Thank you for the article! I’m an American who’s lived on and off in Japan for around 10 years, currently in Tokyo working in game development. I related to many parts of your article, especially the later part about foreign devs working with Japanese executives.
My work environment aims to be multilingual (Japanese/English) but creative conversations are inevitably stymied by pauses for translation. Machine translation and AI is helpful but fails to capture nuance, and compounds normal, everyday communication woes. Japanese only speakers on our team feel lonely and left out despite best efforts. Japanese applicants are quite rare because of the stress of being in such an environment. It’s exhausting when people around you don’t share common cultural touchstones and every conversation is an unpredictable exchange.
On the other side, although many of my non-Japanese colleagues speak varying levels of Japanese, some have tried but are unable to (or don’t care to) improve further. Working proficiency is a high bar, and our “real work” is busy. You can get by in Tokyo with cursory Japanese, translation apps and online reservations. There is a large expat community, so you can ignore the “Japan for Japanese people” if you so choose.

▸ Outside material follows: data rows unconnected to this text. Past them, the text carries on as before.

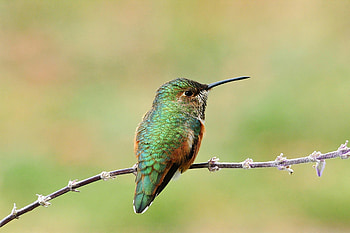 Anna's Hummingbird, Hummingbirds HD wallpaper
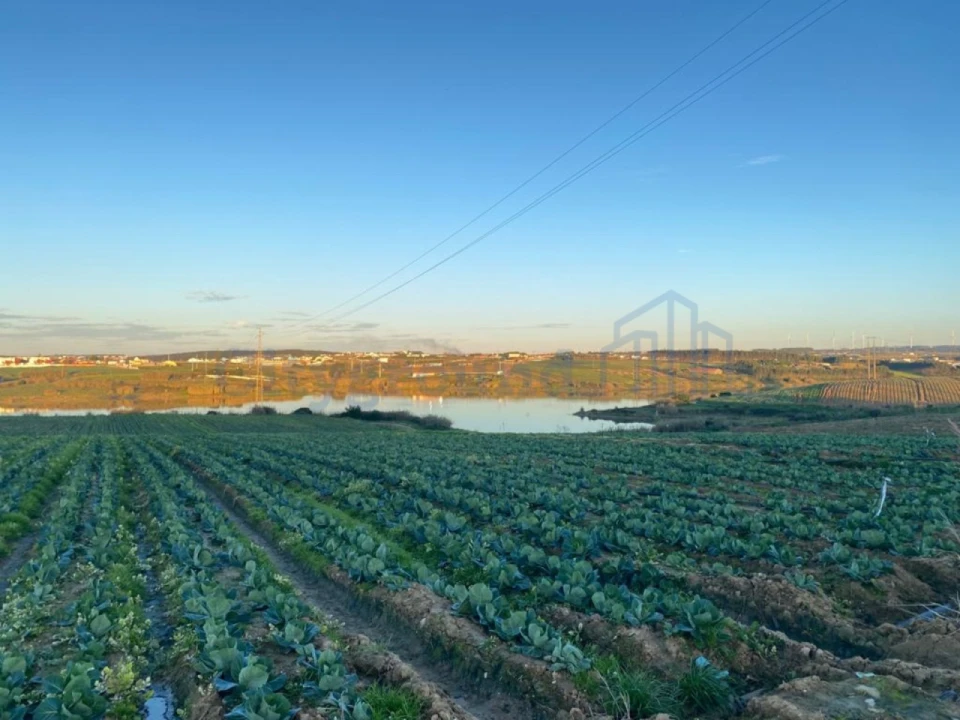 Moradia T4 para Venda em Atouguia da Baleia Foto 25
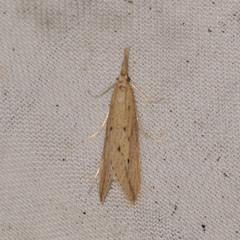 Donacaula longirostrallus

I wonder how things will change as the native population continues to shrink over the years. Even in Tokyo, many businesses have responded to the tourist explosion by insulating themselves in various ways. There are recent incidents related to concentrated immigrant populations as well. I hope that we avoid the xenophobic trend that is sweeping the rest of the world but I do worry.
Thanks for the comments! I have been following developments in MT and AI as close as I can and have been interested in how well MT works—or doesn’t—in real-life situations, but I don’t get much opportunity to experience such situations myself. Your description of your work environment is really valuable to me.
Your report about some of your non-Japanese colleagues not making much progress with Japanese matches my own experience in academia. A few years after I started working at the university, we began hiring a steady stream of youngish academics from around the world to teach academic writing classes in English to undergraduates. Some of them already had good Japanese ability, and the others all started out wanting to learn. But being busy with teaching and research and being able to get by in Tokyo with just English meant that few of the latter group made much progress beyond basic conversation. The language is hard, adult life is busy, and acquiring languages gets steadily harder for most of us as we get older.
I also wonder about how Japan will change and adapt as the native population continues to decrease. At the government and business levels, the overall response to the growing foreign population seems to be a slow shift toward adaptation. Among the general population, it’s hard for me to tell.